The new proposal will be reviewed under the process stipulated in the Annex P. Japan will submit a new proposal to the chair of the Scientific Committee no later than six months before the next Annual Meeting of the Scientific Committee in 2015 (October/November 2014).
The proposal should then be reviewed by a small specialist workshop with a limited but adequate number of invited experts.
The Workshop should be organised at least 100 days before the Annual Meeting in 2015 (January/February 2015).
Results of the Workshop should be duly submitted to the next Annual Meeting of the Committee in 2015 for its final review.
The Government of Japan will meet the necessary costs for organising the Workshop to be held in Tokyo in January/February 2015, which includes the cost for the meeting venue and other miscellaneous costs other than the travel/stay costs for the participants.
Travel/stay costs for the participants at the Workshop are expected to be met by IWC.
The Committee agrees to submit a budget request for the 2014/15 intersessional period to cover the travel and stay of the expert panel (see Item 26).

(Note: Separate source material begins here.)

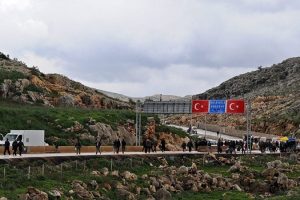 Suriye sınırında 400 kilo patlayıcı ele ge&ccedil;irildi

This workshop is scheduled for 7-10 February 2015 in Tokyo, Japan, with the last day reserved for the Expert Review Panel to focus on its report to the International Whaling Commission.

Whether Japan will further revise its lethal research in the Southern Ocean if the report contains methodology concerns or it decides to ignore the review panel finding, holding to its new program and to a larger area in which to conduct its announced reduced annual kill, is yet unknown.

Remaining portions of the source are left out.